Audio and text resources that can be used within IDLAK

Primary LanguagePythonApache License 2.0Apache-2.0

Idlak Resources

Audio and text resources that can be used within IDLAK

Languages are required to be 2 letters, normally their 2 letter ISO code, see: wiki article on ISO_639-1 codes

Accents are required to also be 2 letters.

Speakers are 3 letter codes. If a speaker was recorded in multiple languages this should be noted in the noted in the speaker's README and where possible their speaker code should be the same in both languages. It is highly recommended that the recording environment is noted in the README, including microphone, location, and the original sample rate. The audio should be saved in uncompressed .wav files and then zipped.

Directory structure

Maintaining the directory structure is very important for the tools in IDLAK.

Language resources

  • ln
    • text
      • source.xml
    • README.md
    • word_frequencies.xml
    • other resources in xml

"word_frequencies.xml" is an example not a requirement.

See below for the text source format. Source names should be a reasonable name. If a source is really only for one region or accent it is recommended that the source file name starts with region and an underscore, for example: "uk_bbc.xml". For this reason we recommend not including underscores in your file names.

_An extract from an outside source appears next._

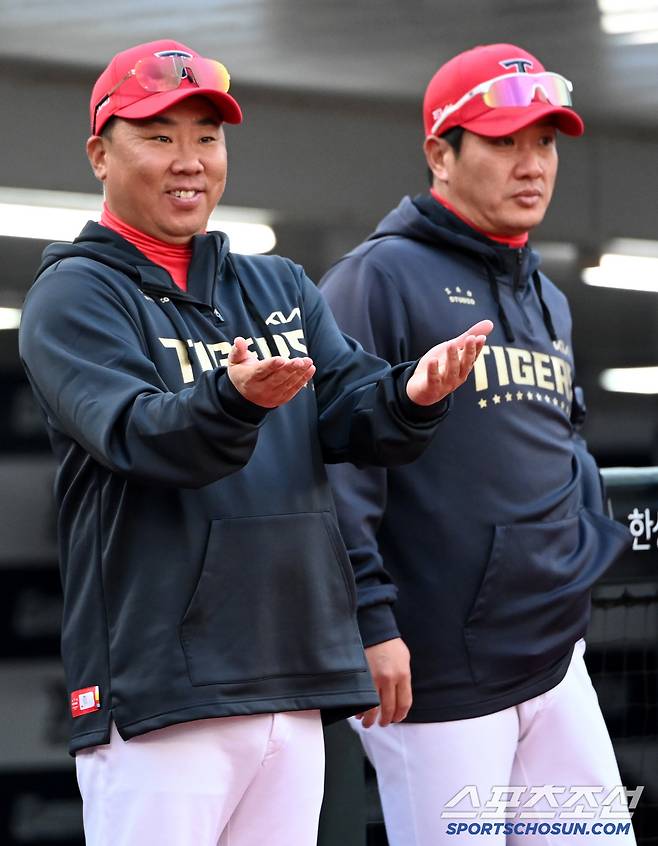 KIA는 왜 혹서기 '죽음의 원정 12연전'을 받아들였나, 그리고 왜 박수 받아야 하나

We also recommend not to include spaces in file names.

Text source format

We recommend keeping files to a reasonable size (under 5000 lines)

The text source xml format is:

<?xml version="1.0" encoding="UTF-8"?>
<text_sources>
  <text_source id="unique within file" name="any name" url="original url">
    <notes>
      Notes here are ignored and this section is optional.
      other than id all attributes are optional in the text_source tag 
    </notes>
    <text>
      Text source here, utf8-encoded.
    </text>
  </text_source>
  <text_source />
  <text_source />
  <text_source />
</text_sources>

Speaker resources

  • ln_ac_spk
    • README.md
    • text.xml
    • lexicon.xml

Audio is uploaded to archive.org in tar.gz format

The script can note the pronunciation of specific words by the speaker with <pron> tags.

The lexicon is optional and will be appended to the language lexicon in the IDLAK main repo.

Current speakers

Language Accent Code Notes
en rp aaa example to be deleted